Unsupervised Neural Machine Translation (Bangla To English & English to Bangla)

Neural machine translation (NMT) has recently become the dominant paradigm to machine translation (Bahdanau et al., 2014; Sutskever et al., 2014). As opposed to the traditional statistical machine translation (SMT), NMT systems are trained end-to-end, take advantage of continuous representations that greatly alleviate the sparsity problem, and make use of much larger contexts, thus mitigating the locality problem. The essential advantage of NMT is that it gives a solitary system that can be prepared to unravel the source and target text.One of the most well recognized NMT library is Multilingual Unsupervised and Supervised Embeddings.

state-of-the-art multilingual word embeddings (fastText embeddings aligned in a common space)
large-scale high-quality bilingual dictionaries for training and evaluation
Multilingual Unsupervised and Supervised Embeddings(MUSE).

This approach includes both supervised method that uses a bilingual dictionary or identical character strings, and also unsupervised method that does not use any parallel data (see Word Translation without Parallel Data for more details).

Dependencies

Python >=3.5.0
NumPy
Jupyter-Notebook
gensim
tqdm
SciPy
PyTorch
Faiss (recommended) for fast nearest neighbor search (CPU or GPU).
MUSE

Datasets

SUPara0.8M: A Balanced English-Bangla Parallel Corpus SUPARA-BENCHMARK

To download monolingual and cross-lingual word embeddings evaluation datasets:

bilingual dictionaries
28 monolingual word similarity tasks for 6 languages, and the English word analogy task
Cross-lingual word similarity tasks from SemEval2017
Sentence translation retrieval with Europarl corpora

You can simply run:

cd data/
wget https://dl.fbaipublicfiles.com/arrival/vectors.tar.gz
wget https://dl.fbaipublicfiles.com/arrival/wordsim.tar.gz
wget https://dl.fbaipublicfiles.com/arrival/dictionaries.tar.gz

Alternatively, you can also download the data with:

cd data/
./get_evaluation.sh

Note: Requires bash 4. The download of Europarl is disabled by default (slow), you can enable it here.

Methodology

The key idea is to create a common latent space between the two languages (or domains),in our case English and Bangla, and learn to translate by reconstructing in both domains

Principles:

The model has to be able to reconstruct a sentence in a given language from a noisy version of it, as in standard denoising auto-encoders
The model also learns to reconstruct any source sentence given a noisy translation of the same sentence in the target domain,and vice versa.
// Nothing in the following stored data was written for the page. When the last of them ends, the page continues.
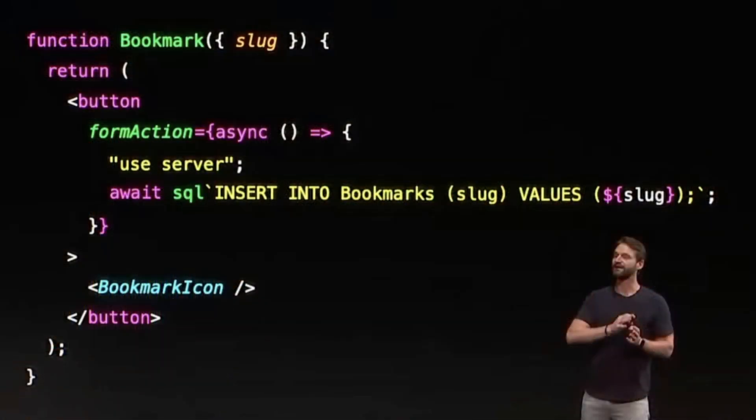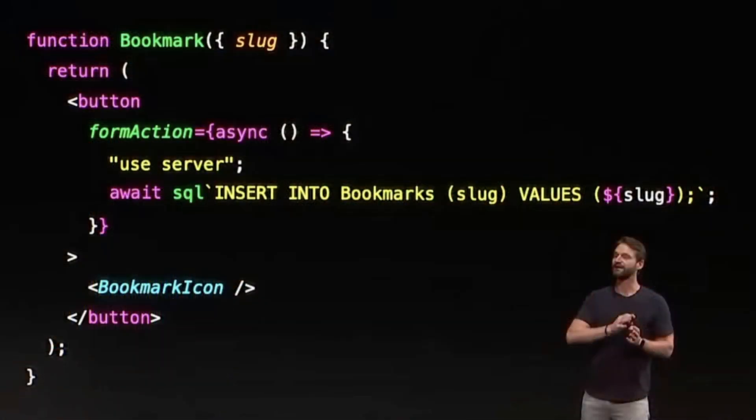Server components have been a hot topic in React, especially in the last few months. Now that Next.js has released Next.js 14, beta developers would now be able to query a database directly from their React components. Even though I wouldn't recommend doing this, it does bring up a good discussion: do we still need GraphQL now that we can query backends or even databases directly from our frontend app?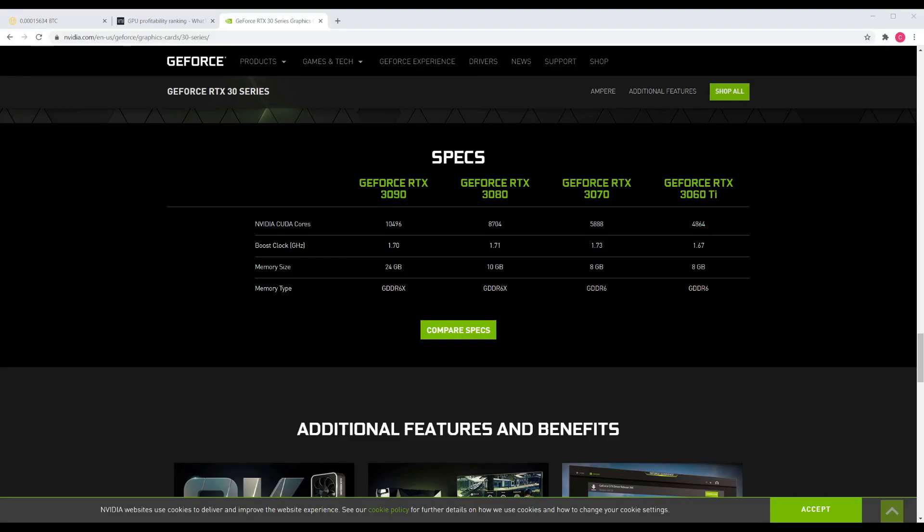Hey guys, welcome back to Mind Time. Wanted to talk to you about the GeForce RTX 3000 series cards. These came out not too long ago, and the availability has been extremely thin.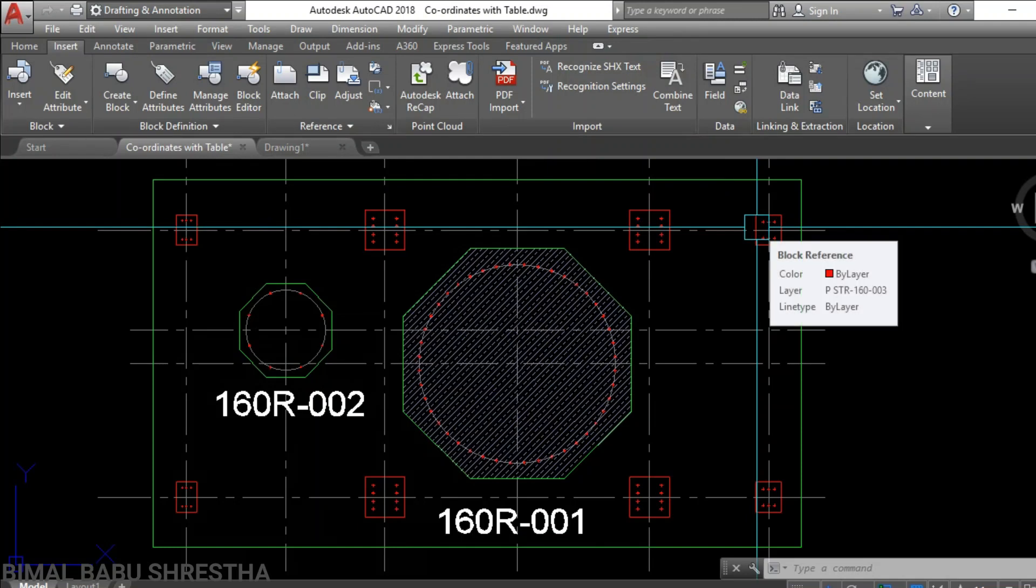Hi dear friends, I hope you are all fine. I'm doing great. Welcome back again to my YouTube channel. Today in this video we'll see how to create coordinates table in AutoCAD, very simple and easy methods. Let's get started.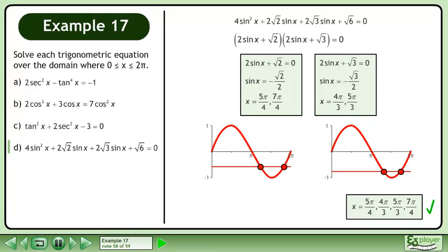Combining the solutions, we have x equals 5π/4, 4π/3, 5π/3, and 7π/4.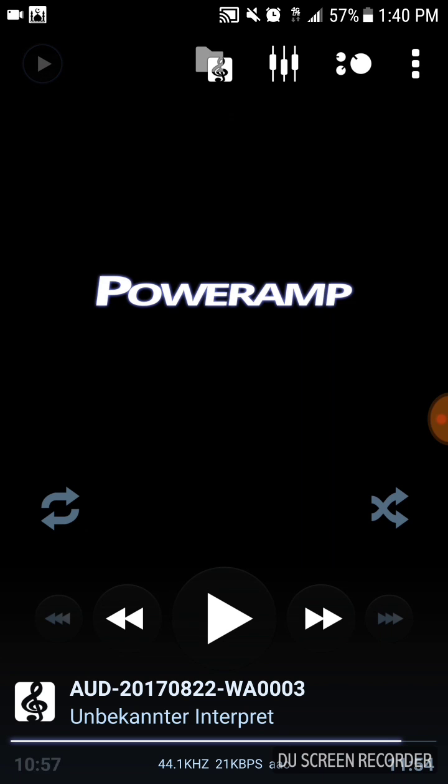You can download the Poweramp application or whichever application you'll be using on your phone.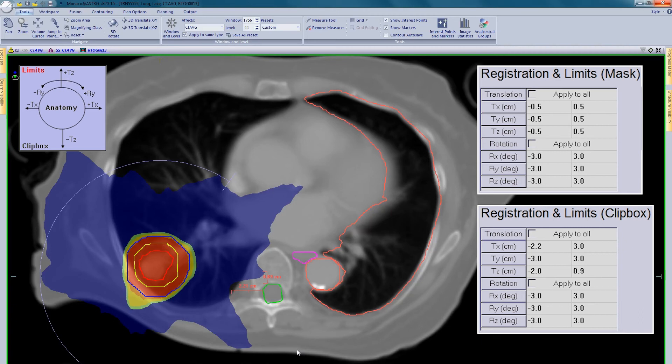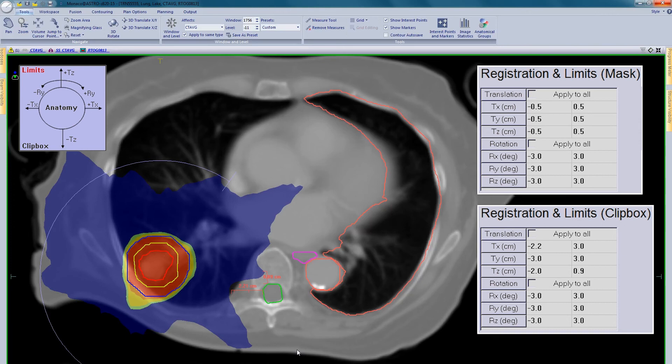At the time of treatment, the XVI software will prioritise the soft tissue match as default, and a slider bar can be used to try to find a compromise. If you have any questions regarding XVI or critical structure avoidance, please contact your local Elekta sales representative.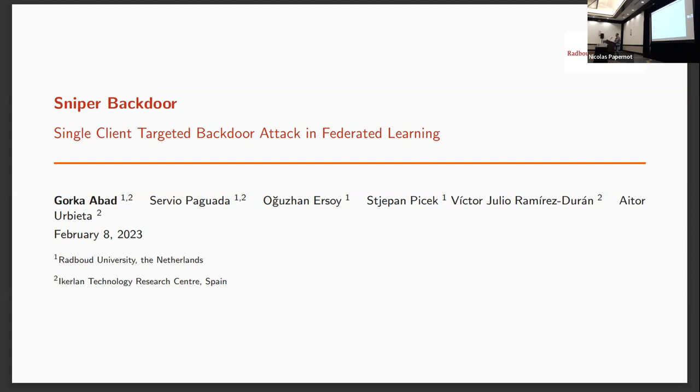My name is Jorka. I'm a PhD student at Rabot University in the Netherlands and also in Ikeland Research Center in Spain. Today I'm going to talk about backdoor attacks in federated learning.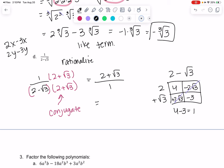So the final answer is just 2 plus root 3. By rationalizing the denominator, it usually makes the denominator not have any weird numbers anymore.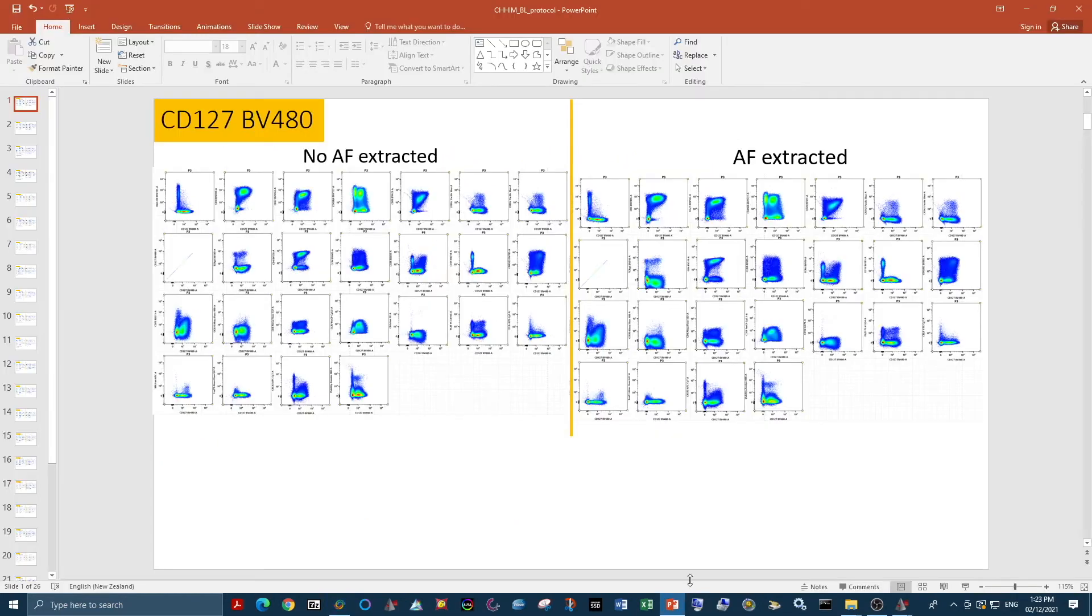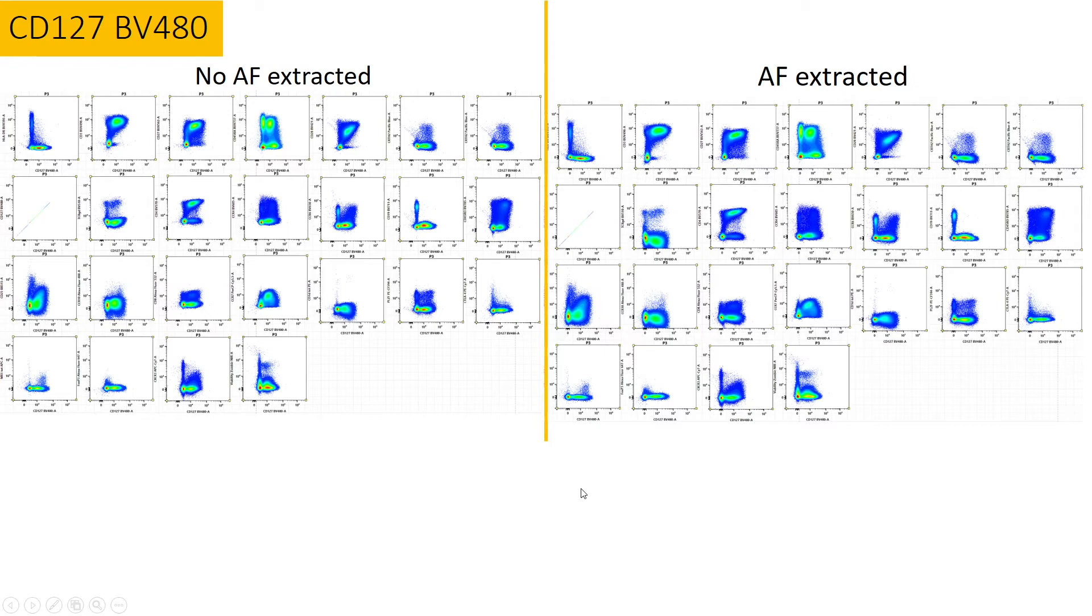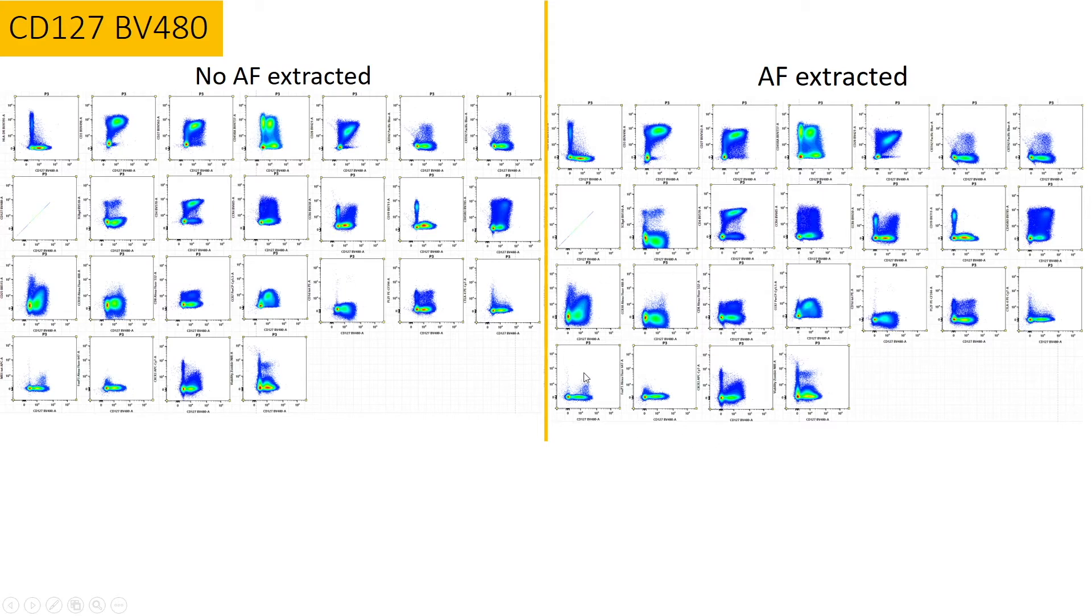It is helpful to place them side by side in a presentation and see what differences occur with or without autofluorescence extraction. Here's an example of a marker that without autofluorescence extraction, we can see space between the positive and negative populations. But when we extract autofluorescence, our negative shifts down to zero where it should be, but our positive stays in the same space. So we get better resolution between positive and negative.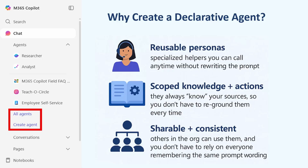Welcome back to another Power-Up Minute. In this one, I'd like to step back for a minute, specifically to share three good reasons why you might want to create a declarative agent in Microsoft 365 Copilot. Because as you realize, you can do everything in chat. So why even click Create Agent?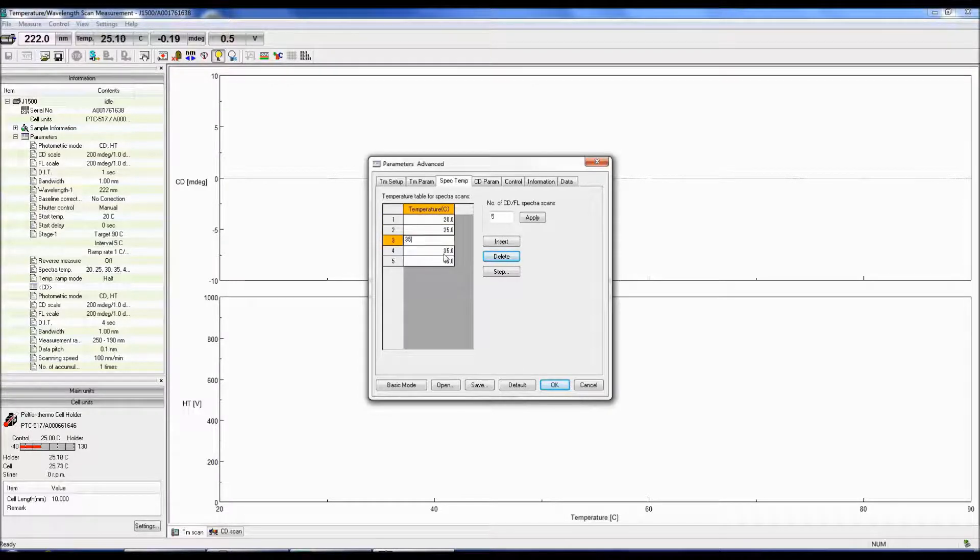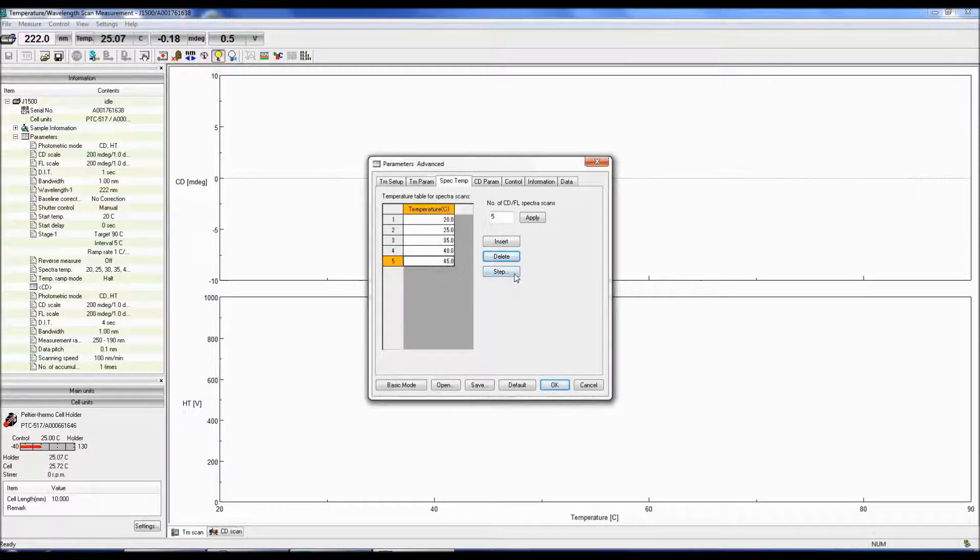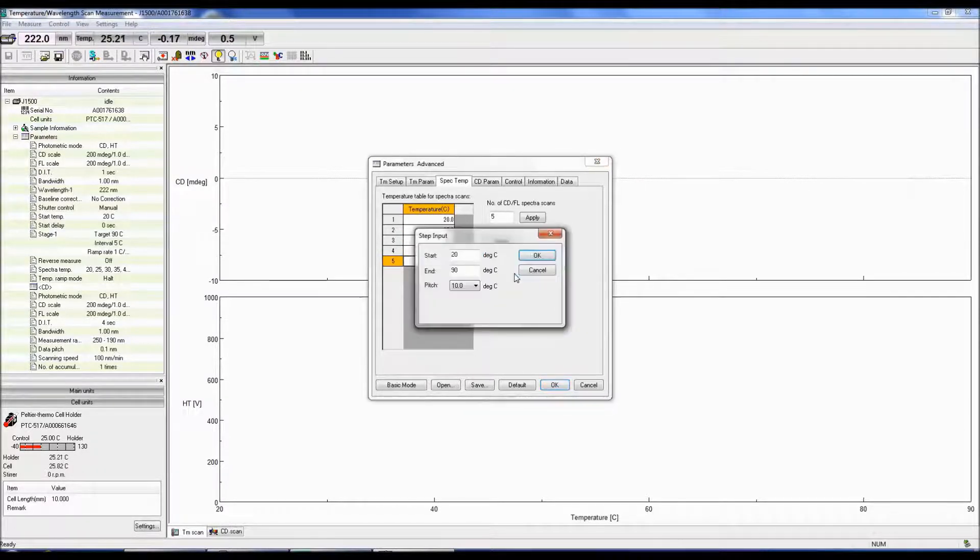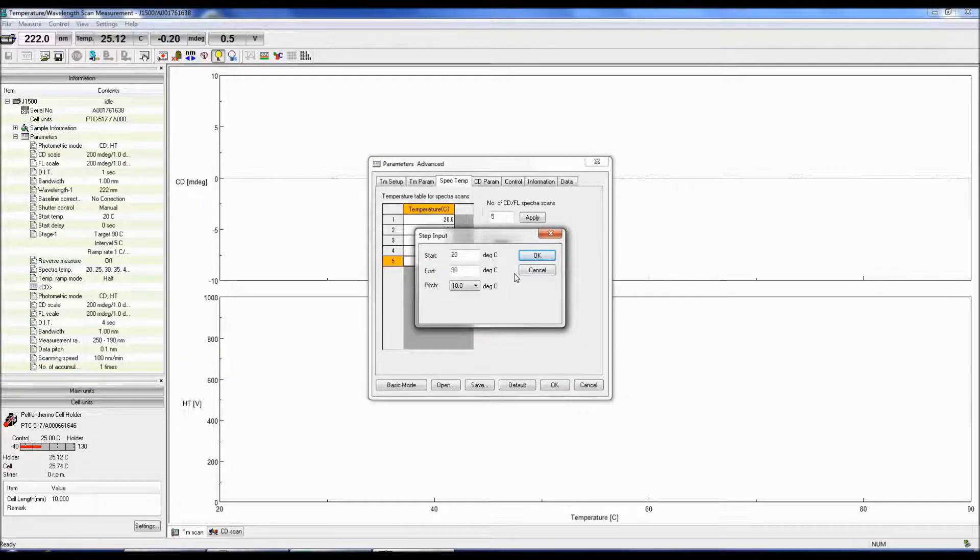However, instead of entering all the temperatures in the spreadsheet manually, you can also select the Step button to enter the start and end temperatures and the temperature interval to acquire spectral scans at.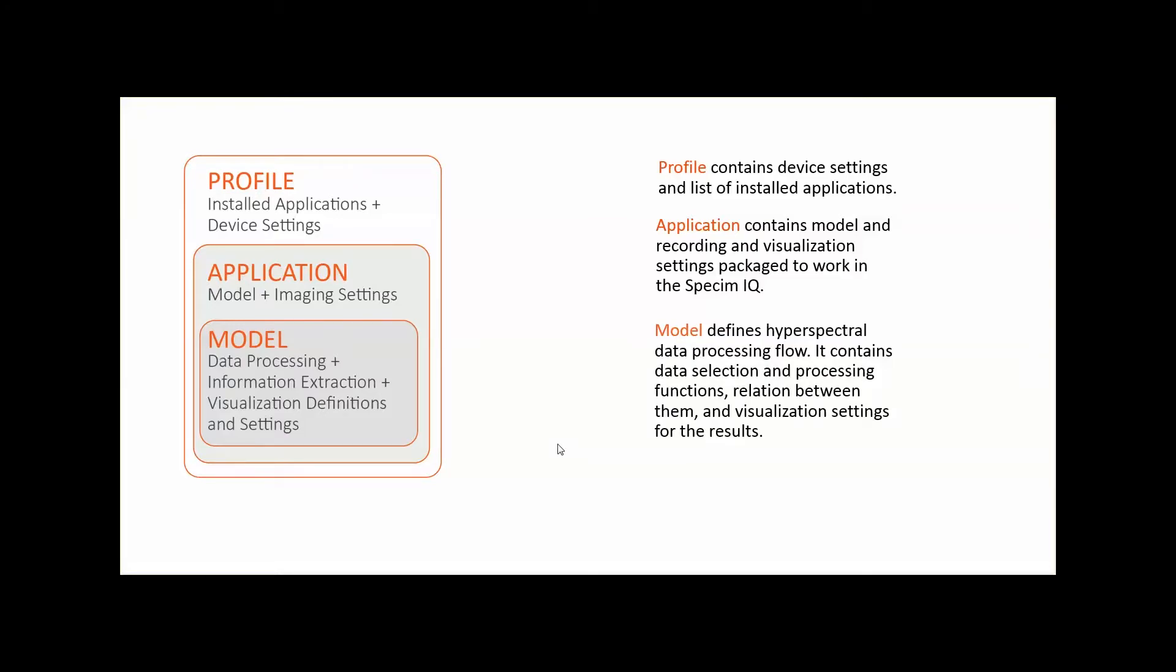This means that to create an application we will need a model. A model contains information about data processing, information extraction, visualization definitions and settings.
Unsupervised Encoding-Decoding

An encoder and a decoder, respectively responsible for encoding source and target sentences to a latent space, and to decode from that latent space to the source or the target domain.A single encoder and a single decoder for used in both the domains. The only difference when applying these modules to different languages is the choice of lookup tables.

Our Performed steps:

Encode-Decode using generic data which was parallelized (Provided by MUSE)
Performed Seq-to-Seq Enc-Dec-LSTM training with that Parallel Dataset. The results were noteworthy with the provided dataset but requires more testing with other datasets.
Then changed to FastText Alligned Vector and generated the Word Embedding From Vector using MUSE

Monolingual word embeddings

For pre-trained monolingual word embeddings, we highly recommend fastText Wikipedia embeddings, or using fastText to train your own word embeddings from your corpus.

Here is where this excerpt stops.